I’m sure you’ve seen Canadian cheddar at the supermarket. I never really put two and two together before but Canada makes really good cheddar, mostly in Ontario. I also tried Niagara Gold, a semi soft, washed rind cheese in Ontario, which wasn’t bad. (Kraft, the creator of processed cheese, grew up on a dairy farm in Canada.) Quebec produces excellent French-style cheeses including goats’ cheese, brie and washed rind. The markets in Montreal and Quebec had stalls with extensive ranges of cheese. Don’t forget the celebrated curd cheese, a step in the cheddaring process, used in Poutine.
8) Lobster and Seafood
Canada stretches from the Atlantic to the Pacific so has the benefit of good seafood from both oceans. Halifax, on the Atlantic, is celebrated for the quality of the lobster and shellfish. On the West coast, similar to Alaska, salmon will be the dark pink sockeye, and salmon jerky is sold, a descendant of native food from First Peoples.
The growing season for fruit and vegetables in Canada is short, winters are severe and therefore meat is important. Trapping and hunting is in their DNA, part of their culture.

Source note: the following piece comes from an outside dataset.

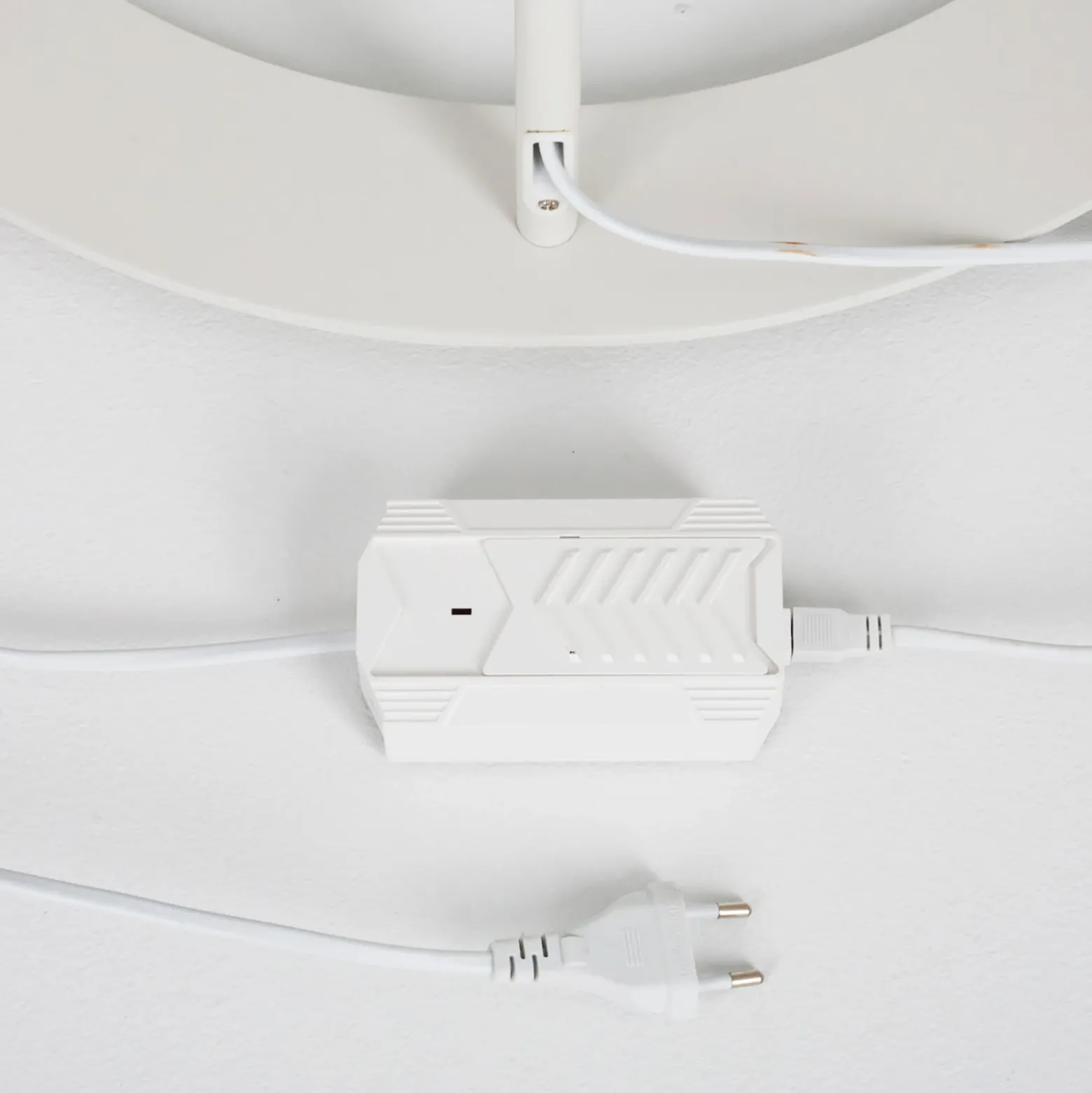 Lindby lámpara de pie LED Danua, blanca, metal, altura 200cm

- In Toronto peameal bacon is popular. It’s bacon where the outside fat is dipped in yellow peameal. Buy the best peameal bacon sandwiches at Carousel Bakery at St. Lawrence market. Tell Bob and Maurice I sent you.
- In Montreal you should try smoked meat sandwiches with mustard at Schwartz’s diner.

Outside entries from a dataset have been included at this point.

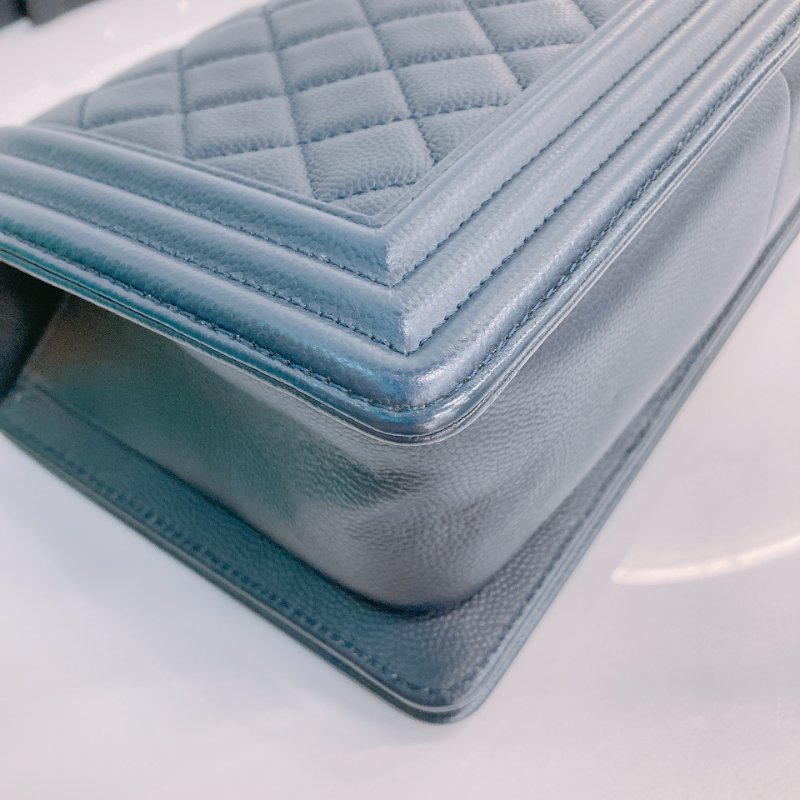 MS0436 Chanel 香奈兒 男孩 中號 魚子醬 荔枝紋 牛皮 軍藍色 金扣 Boy Medium Caviar Navy x GHW-7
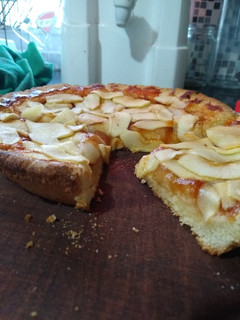 Una foto de Tarta de manzana súper fácil, rápida y económica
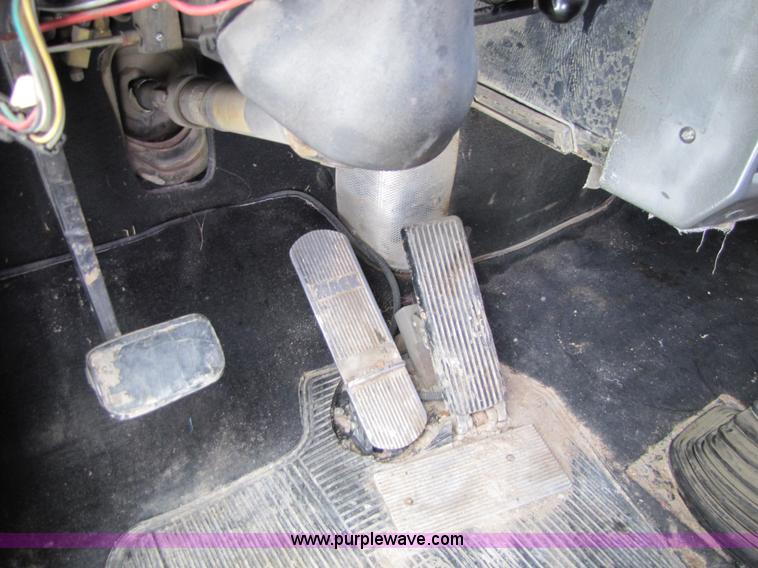 image for item 5176 1998 Mack RD688S tractor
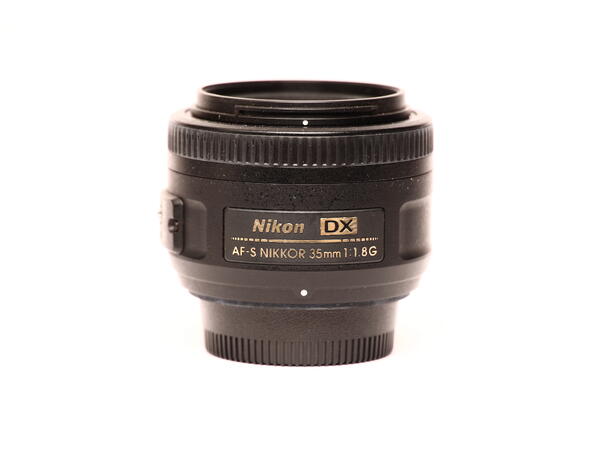 Nikon 35mm f/1.8G AF-S DX BRUKT BRUKT, Se beskrivelse 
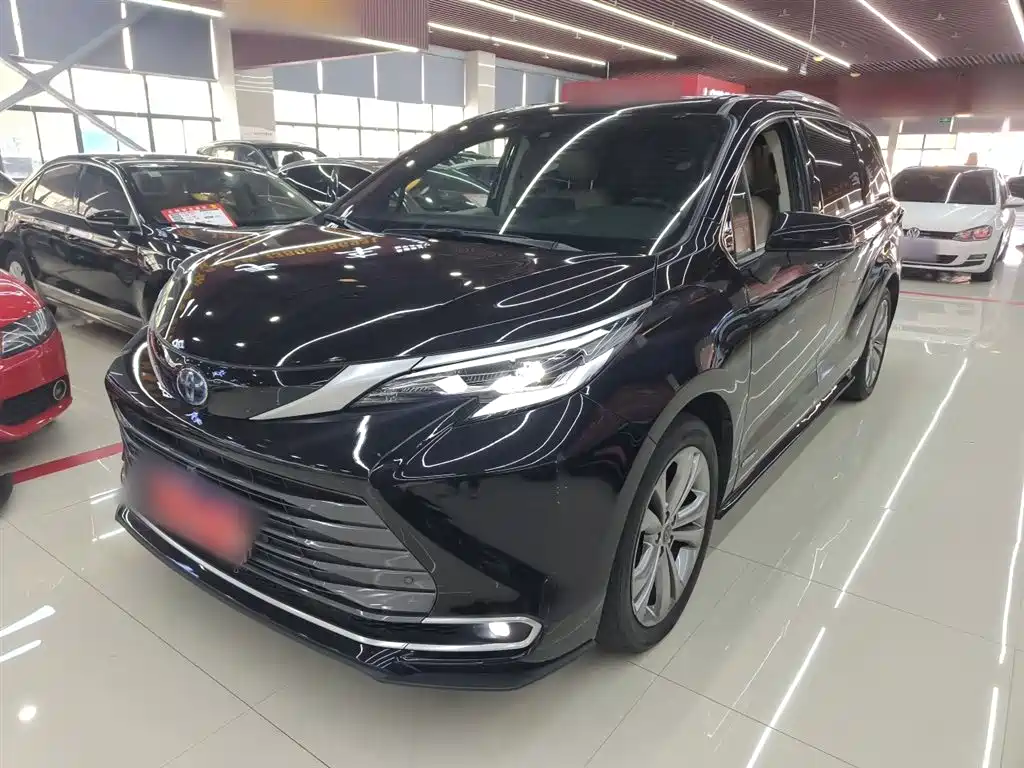 Toyota Sienna 2023 2.5L Hybrid Premium Edition фото 2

- In Halifax, have a go at the ‘Donair’ Kebab. Hard to describe but it’s a Canadian version of a doner kebab or ‘Gyro’. Except with pork and condensed milk. Weird.
- In Quebec, pork and ham is put into most dishes at a sugar shack dinner. Then imagine the above dish flooded with maple syrup.
I’ve been very impressed by the quality of Canadian wine. White and sparkling wines are grown in Halifax, which is on a similar latitude to Champagne. I also met with two wine makers in Ontario: David Hulley at Vineland Estates, where I had a very good meal and Frenchman Jean Pierre Colas who designs incredible wines at 13th Street Winery.
It’s a pity that we don’t get more Canadian wine in the UK but it’s mainly because of import duties and transport, which would make it too expensive for consumers. Australia and New Zealand seem to manage to export to Britain just fine, but as yet the Canadian output is too small to compete.
12) Fiddlehead ferns
As a lover of unusual vegetables, I’ve been wanting to try these ever since I first heard of them around six years ago. These are delicate green tips of ferns, wound round in a tight scroll. They are picked wild in spring in New Brunswick and Quebec.
13) Butter Tarts
These small tarts, made with shortcrust pastry, are a bit like treacle tarts or pecan tarts without the pecans. Very, very sweet with either raisins or nuts. They are similar to the larger tarte au sucre that you get at a sugar shack meal. I tried these at the charming Saint Lawrence market in Toronto.
14) Nanaimo bars
Named after a town in British Columbia, this is another thing I never got to try. It’s basically a chocolate fridge cake. Trish Deseine has a lovely recipe.